There is not enough statistical evidence to state that the mean score on one-tailed hypothesis test questions is higher than the mean score on two-tailed hypothesis test questions.

Step-by-step explanation:

To solve this problem, we run a hypothesis test about the difference of population means.

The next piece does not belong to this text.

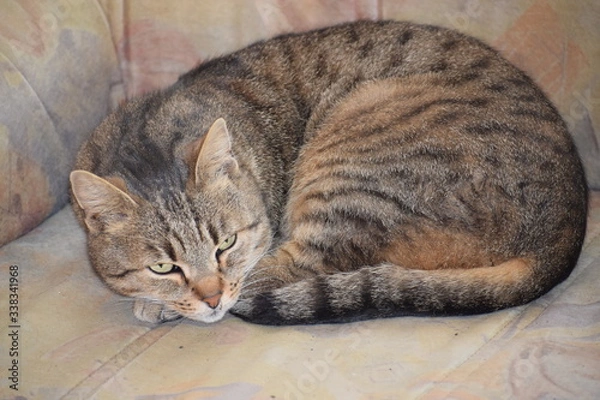 Obraz cat lying on the floor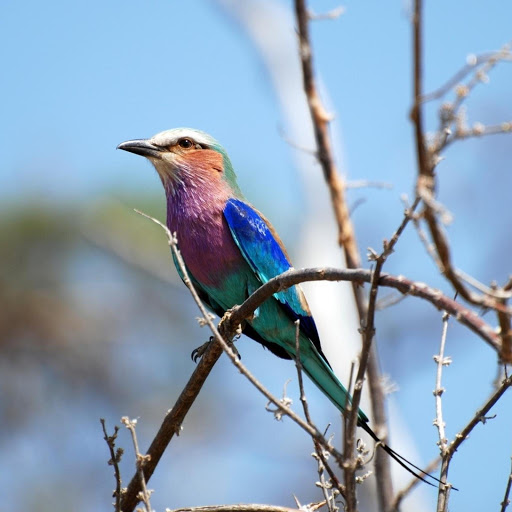 Hd-179033-ascw179033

$Sample mean \bar X: \bar X=7.79 \\Sample mean \bar Y: \bar Y=7.64 \\Population variance S^2_X: S^2_X=1.06^2 \\Population variance S^2_Y: S^2_Y=1.31^2 \\Sample size n_X=80 \\Sample size n_Y=80 \\Significance level \alpha=0.05 \\Z criticals values (for a 0.05 significance)\\(Left tail test) Z_{1-\alpha}=Z_{0.95}=-1.64485\\( Right tail test) Z_{\alpha}=Z_{0.05}=1.64485\\( Two-tailed test) Z_{1-\alpha/2}=Z_{0.975}=-1.95996 and Z_{\alpha/2}=Z_{0.025}=1.95996$

The appropriate hypothesis system for this situation is:

$H_0:\mu_X-\mu_Y=0\\H_a:\mu_X-\mu_Y > 0\\\\ Difference of means in the null hypothesis is:\\\mu_X-\mu_Y=M_0=0\\\\ The test statistic is Z=\frac{[( \bar X-\bar Y)-M_0]}{\sqrt{\frac{\sigma^2_X}{n_X}+\frac{\sigma^2_Y}{n_Y}}}$

$The calculated statistic is Z_c=\frac{[(7.79-7.64)-0]}{\sqrt{\frac{1.06^2}{80}+\frac{1.31^2}{80}}}=0.79616\\\\p-value = P(Z \geq Z_c)=0.42594$

Since, the calculated statistic $Z_c$ is less than critical $Z_{\alpha}$, the null hypothesis do not should be rejected. There is not enough statistical evidence to state that the mean score on one-tailed hypothesis test questions is higher than the mean score on two-tailed hypothesis test questions.